(Records from a data collection)

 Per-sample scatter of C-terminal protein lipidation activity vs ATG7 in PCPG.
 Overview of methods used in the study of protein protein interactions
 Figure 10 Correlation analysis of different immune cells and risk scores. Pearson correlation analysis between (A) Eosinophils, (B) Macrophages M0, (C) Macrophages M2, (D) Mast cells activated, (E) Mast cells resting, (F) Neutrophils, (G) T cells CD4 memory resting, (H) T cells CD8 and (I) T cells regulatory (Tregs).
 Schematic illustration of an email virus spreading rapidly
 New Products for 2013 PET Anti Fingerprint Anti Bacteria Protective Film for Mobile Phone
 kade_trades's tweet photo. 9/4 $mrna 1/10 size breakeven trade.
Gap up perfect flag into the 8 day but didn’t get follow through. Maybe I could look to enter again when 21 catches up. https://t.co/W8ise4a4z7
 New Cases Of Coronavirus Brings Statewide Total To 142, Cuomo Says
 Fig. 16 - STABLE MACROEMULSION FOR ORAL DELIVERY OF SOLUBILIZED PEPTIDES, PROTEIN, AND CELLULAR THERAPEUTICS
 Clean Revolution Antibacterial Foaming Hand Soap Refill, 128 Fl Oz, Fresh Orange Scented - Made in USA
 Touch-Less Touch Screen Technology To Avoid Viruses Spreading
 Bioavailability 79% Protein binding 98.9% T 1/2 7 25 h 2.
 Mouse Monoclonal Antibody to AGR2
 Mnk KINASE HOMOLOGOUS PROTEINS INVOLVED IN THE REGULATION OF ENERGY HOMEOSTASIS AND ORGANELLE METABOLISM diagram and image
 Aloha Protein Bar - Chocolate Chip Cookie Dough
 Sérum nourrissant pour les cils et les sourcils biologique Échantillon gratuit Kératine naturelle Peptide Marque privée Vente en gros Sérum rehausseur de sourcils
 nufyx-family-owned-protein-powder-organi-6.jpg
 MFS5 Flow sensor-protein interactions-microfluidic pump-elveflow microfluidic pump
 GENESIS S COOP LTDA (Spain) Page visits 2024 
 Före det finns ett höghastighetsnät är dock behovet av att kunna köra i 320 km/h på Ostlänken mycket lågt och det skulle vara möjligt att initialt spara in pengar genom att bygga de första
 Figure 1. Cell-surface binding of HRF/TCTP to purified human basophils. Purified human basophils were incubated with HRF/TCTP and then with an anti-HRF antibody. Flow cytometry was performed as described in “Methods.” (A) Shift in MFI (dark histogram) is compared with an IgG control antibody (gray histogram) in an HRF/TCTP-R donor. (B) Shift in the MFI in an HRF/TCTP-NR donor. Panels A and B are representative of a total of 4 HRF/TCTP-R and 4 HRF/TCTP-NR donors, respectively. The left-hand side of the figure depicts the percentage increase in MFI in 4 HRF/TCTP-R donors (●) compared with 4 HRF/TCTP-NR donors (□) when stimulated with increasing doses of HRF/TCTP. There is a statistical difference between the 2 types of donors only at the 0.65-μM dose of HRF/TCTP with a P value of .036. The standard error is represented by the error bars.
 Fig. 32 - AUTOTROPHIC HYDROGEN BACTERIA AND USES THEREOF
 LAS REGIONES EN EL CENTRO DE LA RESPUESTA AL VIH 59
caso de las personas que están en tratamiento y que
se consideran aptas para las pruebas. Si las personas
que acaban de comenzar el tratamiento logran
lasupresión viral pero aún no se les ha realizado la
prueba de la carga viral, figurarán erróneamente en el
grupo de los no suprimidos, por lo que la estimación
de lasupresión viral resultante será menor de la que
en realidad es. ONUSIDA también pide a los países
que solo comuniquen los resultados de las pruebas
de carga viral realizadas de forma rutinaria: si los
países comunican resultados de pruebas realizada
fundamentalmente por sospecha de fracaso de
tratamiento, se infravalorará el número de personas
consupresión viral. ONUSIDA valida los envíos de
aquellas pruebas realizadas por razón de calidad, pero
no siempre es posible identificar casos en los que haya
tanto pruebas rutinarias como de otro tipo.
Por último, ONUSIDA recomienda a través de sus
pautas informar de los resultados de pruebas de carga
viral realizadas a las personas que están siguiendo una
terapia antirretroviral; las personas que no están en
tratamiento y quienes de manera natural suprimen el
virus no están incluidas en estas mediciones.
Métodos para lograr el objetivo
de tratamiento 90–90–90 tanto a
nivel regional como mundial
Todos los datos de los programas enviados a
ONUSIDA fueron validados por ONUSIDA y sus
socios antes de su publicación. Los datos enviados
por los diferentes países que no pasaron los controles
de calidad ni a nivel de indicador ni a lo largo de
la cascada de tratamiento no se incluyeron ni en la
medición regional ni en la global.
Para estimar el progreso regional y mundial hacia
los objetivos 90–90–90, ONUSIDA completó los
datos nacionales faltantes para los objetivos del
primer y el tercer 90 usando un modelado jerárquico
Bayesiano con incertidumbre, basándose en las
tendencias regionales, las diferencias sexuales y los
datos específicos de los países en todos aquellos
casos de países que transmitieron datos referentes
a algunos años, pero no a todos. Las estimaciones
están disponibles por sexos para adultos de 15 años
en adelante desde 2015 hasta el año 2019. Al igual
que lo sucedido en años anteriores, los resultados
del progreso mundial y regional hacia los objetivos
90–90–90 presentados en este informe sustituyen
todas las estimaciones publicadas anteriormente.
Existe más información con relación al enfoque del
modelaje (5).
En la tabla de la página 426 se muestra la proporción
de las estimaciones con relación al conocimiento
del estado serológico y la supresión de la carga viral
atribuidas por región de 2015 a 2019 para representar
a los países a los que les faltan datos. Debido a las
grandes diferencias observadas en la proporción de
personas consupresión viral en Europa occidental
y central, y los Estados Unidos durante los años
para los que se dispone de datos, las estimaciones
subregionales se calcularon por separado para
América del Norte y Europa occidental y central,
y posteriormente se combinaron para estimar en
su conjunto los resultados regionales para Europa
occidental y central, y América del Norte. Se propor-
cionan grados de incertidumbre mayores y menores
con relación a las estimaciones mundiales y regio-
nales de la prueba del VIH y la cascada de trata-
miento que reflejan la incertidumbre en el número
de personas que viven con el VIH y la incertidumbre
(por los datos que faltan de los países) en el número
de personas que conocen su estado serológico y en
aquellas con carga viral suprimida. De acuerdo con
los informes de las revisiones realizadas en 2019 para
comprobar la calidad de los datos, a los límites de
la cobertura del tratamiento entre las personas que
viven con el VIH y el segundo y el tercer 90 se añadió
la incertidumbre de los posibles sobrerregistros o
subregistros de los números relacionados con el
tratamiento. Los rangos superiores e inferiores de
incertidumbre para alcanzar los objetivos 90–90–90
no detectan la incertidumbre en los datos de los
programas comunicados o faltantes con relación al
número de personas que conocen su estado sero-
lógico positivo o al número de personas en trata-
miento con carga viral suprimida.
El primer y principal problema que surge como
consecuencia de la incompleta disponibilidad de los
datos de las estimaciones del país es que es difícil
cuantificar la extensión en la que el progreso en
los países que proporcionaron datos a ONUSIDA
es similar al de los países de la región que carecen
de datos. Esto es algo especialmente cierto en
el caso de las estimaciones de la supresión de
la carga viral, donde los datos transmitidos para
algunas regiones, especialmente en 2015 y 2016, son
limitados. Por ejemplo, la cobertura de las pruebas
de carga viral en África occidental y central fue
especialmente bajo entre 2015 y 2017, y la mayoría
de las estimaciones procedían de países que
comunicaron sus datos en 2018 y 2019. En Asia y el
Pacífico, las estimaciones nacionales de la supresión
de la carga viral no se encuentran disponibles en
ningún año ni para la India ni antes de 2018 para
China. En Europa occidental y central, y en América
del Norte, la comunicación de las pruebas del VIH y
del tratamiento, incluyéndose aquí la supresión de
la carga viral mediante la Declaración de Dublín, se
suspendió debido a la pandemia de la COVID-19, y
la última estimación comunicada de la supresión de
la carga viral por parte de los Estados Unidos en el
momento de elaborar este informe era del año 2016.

EXERCISE AIM: Copy each line of the preceding data that contains the string "América".

WRITTEN ANSWER:
América del Norte y Europa occidental y central,
occidental y central, y América del Norte. Se propor-
China. En Europa occidental y central, y en América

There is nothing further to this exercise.